Two random initial sampling points are created within each cluster. Because the fractal level is fixed at 2, where each fractal level corresponds to one cut motif α or β, 4 clusters are created during the initialization. The initial hyperparameters θ_i for all i are set at 0.2. The lower and upper bounds for the hyperparameters θ_i for all i are (0.01, 20).

The optimization process is carried out for 790 iterations. Figure 21 shows the convergence plot of the optimization process, where the best objective function value ν_eff is updated in iterations 0, 4, 24, 26, 30, 45, 63, 66, 69, 78, 81, 84, 513, 582, and 647, with the value of − 0.6603,− 0.6605, −0.6628, −0.6628, −0.6902, −0.6941, −0.7143, −0.7410, −0.7517, −0.7576, −0.7627, −0.7784, −0.7785, −0.7802, and − 0.7804, respectively. The proposed BO shows relatively fast convergence for mid-level dimensionality d = 16, thus demonstrating the effectiveness in tackling mix-integer nonlinear optimization problems.

Fig. 21

Convergence plot of the objective function, which is the effective Poisson’s ratio ν_eff. The best objective function value is updated at iterations 0, 4, 24, 26, 30, 45, 63, 66, 69, 78, 81, 84, 513, 582, 647, sequentially

6 Discussion

One of the advantages of the proposed BO algorithm is its extension to incorporate discrete variables for nonlinear mixed-integer optimization problems. The discrete variables include both categorical and integer variables, thus can be applied with or without the notion of order. The neighborhood of each cluster is built once during the initialization of the process and can be customized to adapt to specific user-defined requirements. Additionally, because the neighborhood can be modified and/or defined manually, the independence between clusters can be achieved by removing the corresponding clusters. Such independence is quite common in the case of categorical variables. However, the optimization performance of the proposed method does not depend on the enumeration of the clusters. We emphasize that if the cluster is ceased to exist, then it can be manually removed, and the cluster indices can be reenumerated manually by a slight modification of (12) and Algorithm 1.

The weight computation scheme is devised in such a way that asymptotically, the weight prediction converges to a single GP prediction, by imposing a weight vector which has 0 everywhere, except for a single 1 that corresponds to the corresponding cluster.

It is recommended to choose the neighbors carefully. One way to do so is to set a small threshold discrete distance d_th, which measures the dissimilarity between clusters based on the discrete tuples, e.g., d_th ≤ 1, and manually remove clusters that are known to be independent beforehand at the end of initialization. The safest setting is d_th = 0, which assumes clusters are completely independent of each other. This setting has some negative effect on the convergence rate, but would eventually reach the global optimal solution, and would not be trapped at local optima.

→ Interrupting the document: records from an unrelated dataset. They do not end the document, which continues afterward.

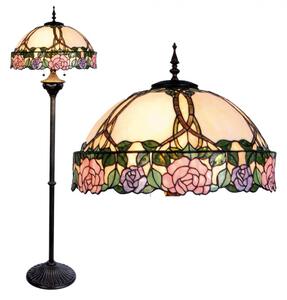 Stojací lampa Tiffany Prunellie růžovo zelená s motivem růží – 164 cm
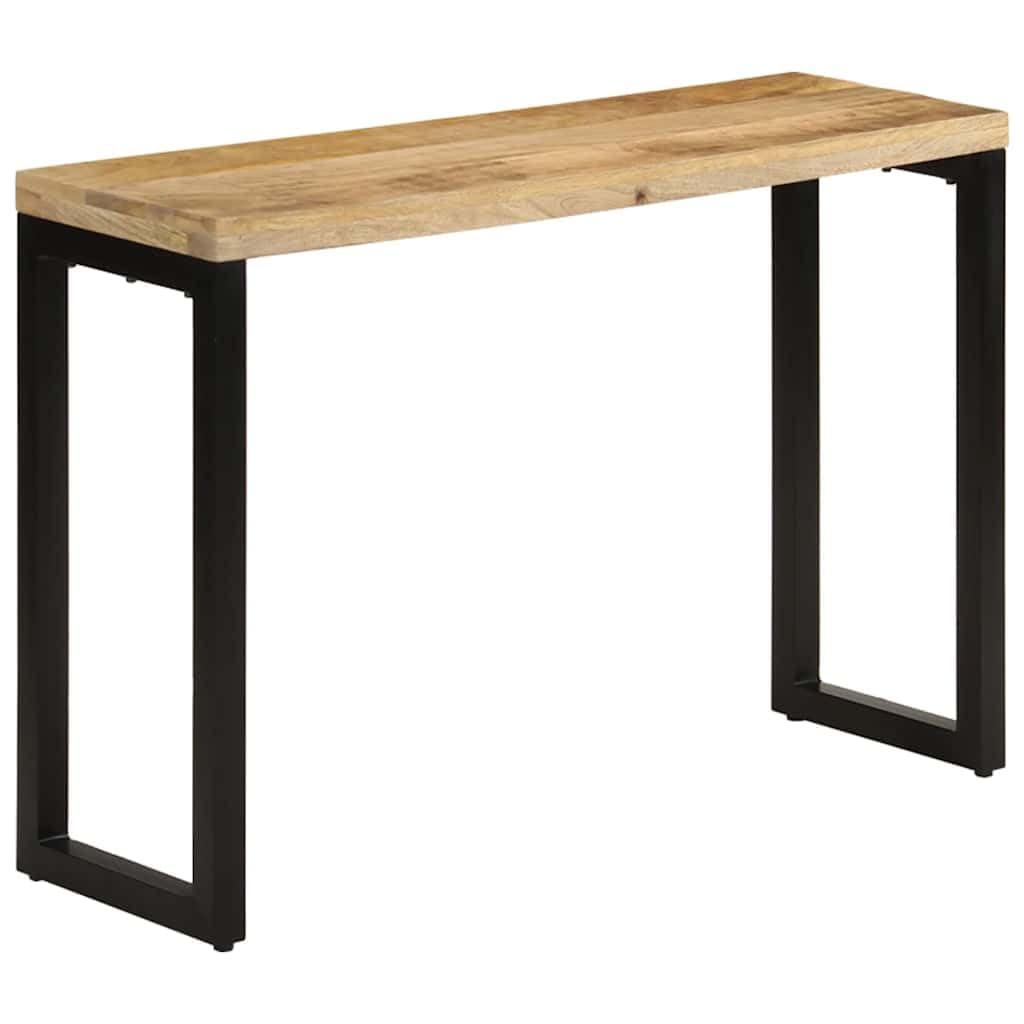 Stolik konsola z litego drewna z uchwytem z metalowymi nogami, 110x35x76 cm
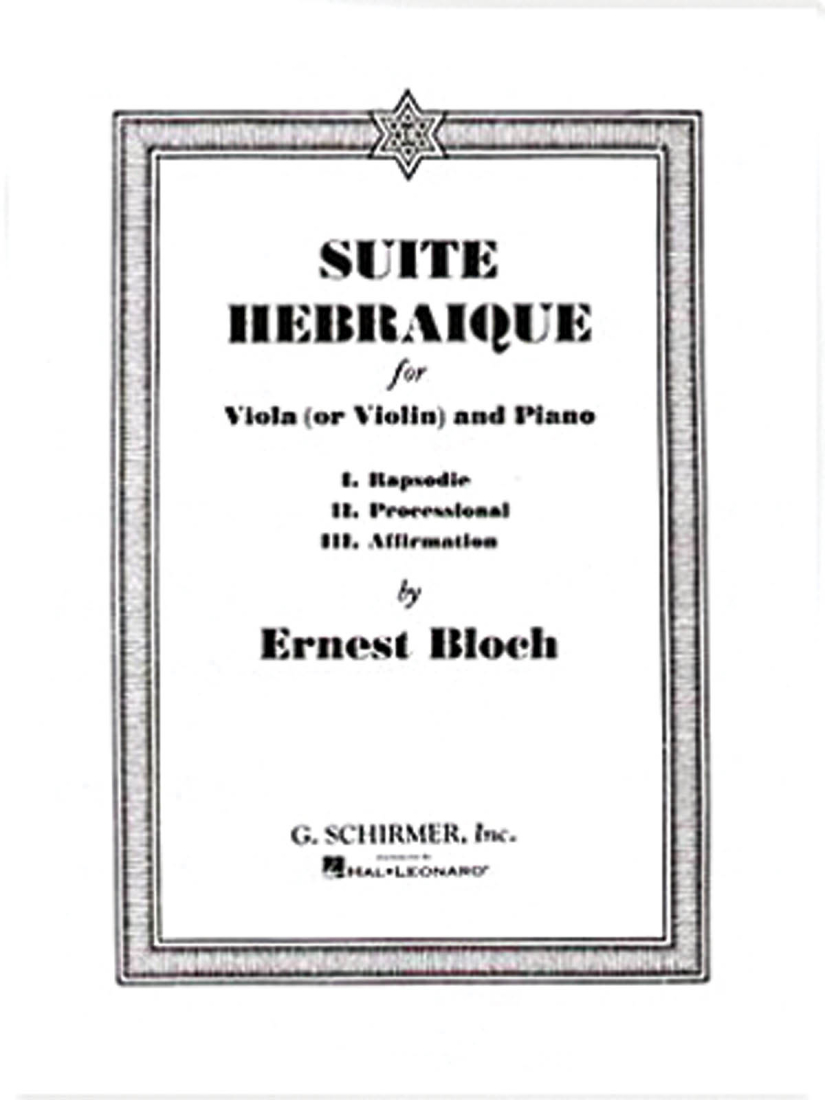 Suite Hebraique - Bloch - Viola/Piano - Book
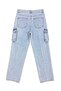Men's Cargo Pocket Baggy Jean Denim Pants Comfortable Fit Denim Trousers - Ice Blue - 2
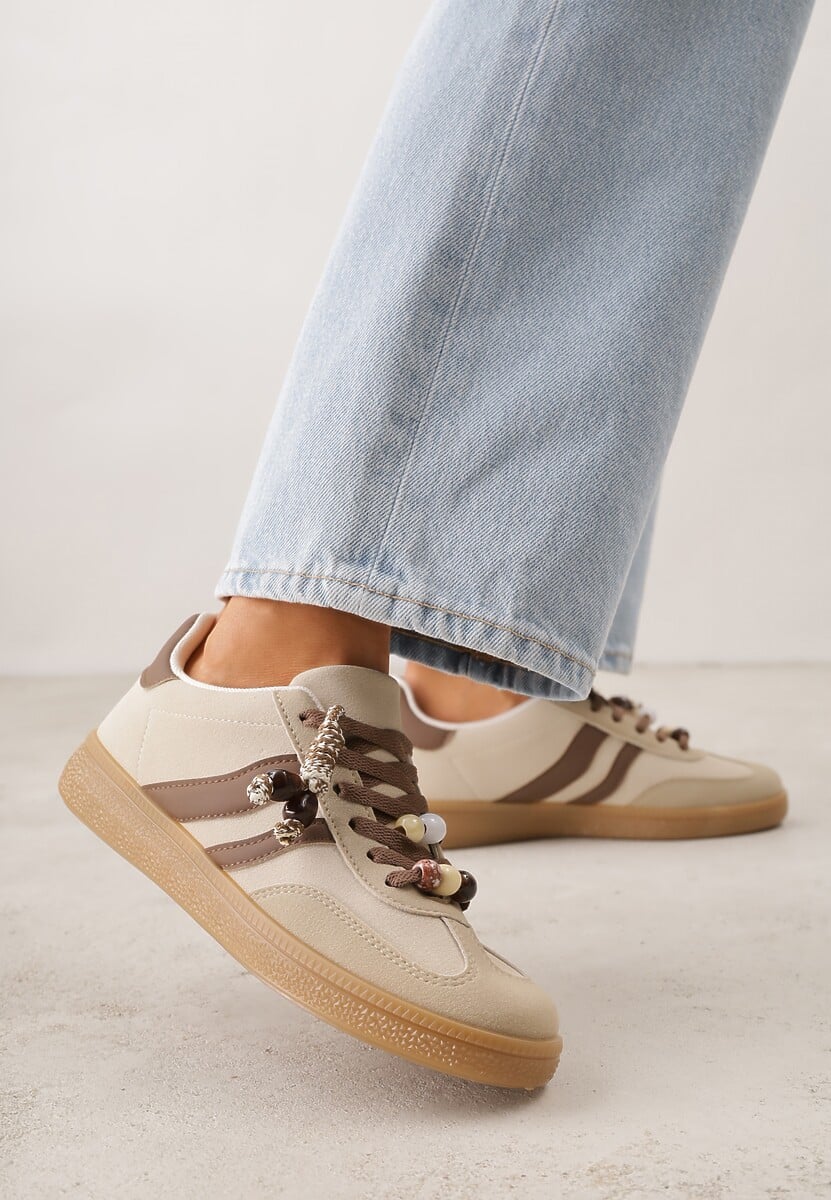 Ciemnobeżowe Sneakersy Typu Tenisówki Ozdobione Koralikami Daemeli 2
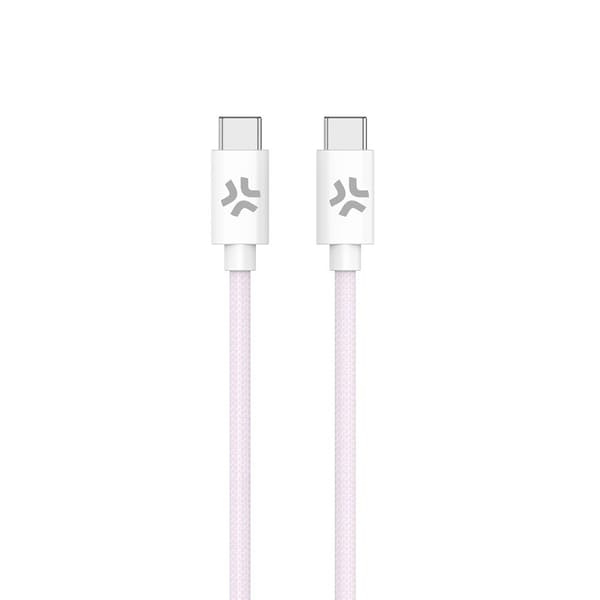 Celly Kaapeli Cotton Braided USB-C/USB-C 1.5m Vaaleanpunainen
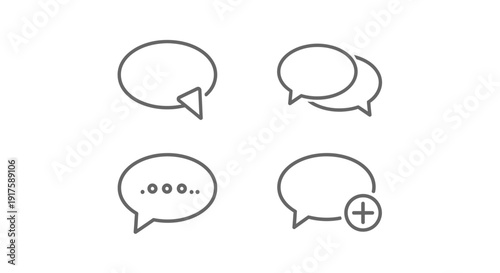 Set of chat bubble icons on white background for communication design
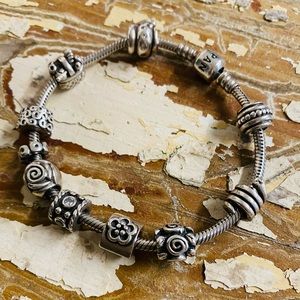 Authentic Pandora Bracelet & 10 Pandora Charms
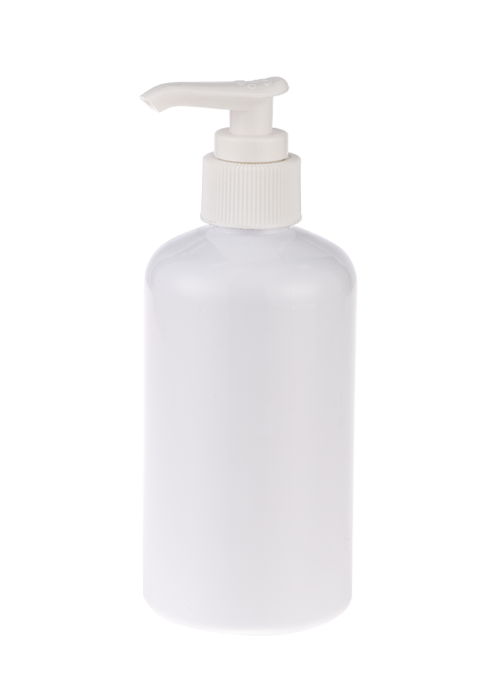 300 ml biela PE fľaša s pumpičkou na mlieko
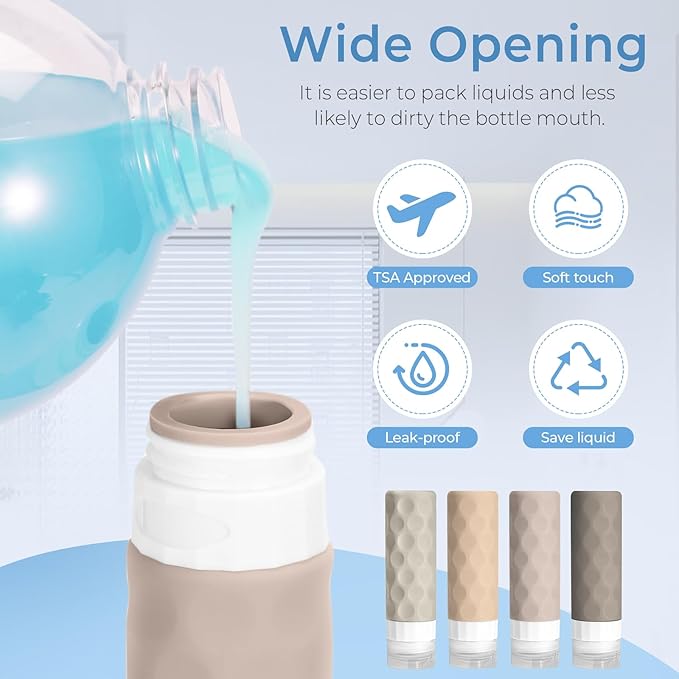 Silevoler 16pack Travel Bottles for Toiletries, TSA Approved Travel Size Containers Set, Leak Proof Refillable Liquid & Creams Toiletries Accessories Kit W/Toiletry Bag (Cream)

The initial sample size plays a role in the performance of the proposed mixed-integer BO method. It has been shown that for some low-dimensional problems, the initial sample size does not affect the optimization performance. However, for high-dimensional problems, the initial sample size does impact the optimization performance. Too many initial samples at the beginning would prevent the optimization from quick convergence. However, with moderate amount of initial samples, and thus a more accurate local GP, the mixed-integer BO converges faster, compared with fewer initial samples. As a general rule of thumb, the total initial sample size is recommended at between 5d and 10d, where d is the dimension of the problem, including both discrete and continuous variables.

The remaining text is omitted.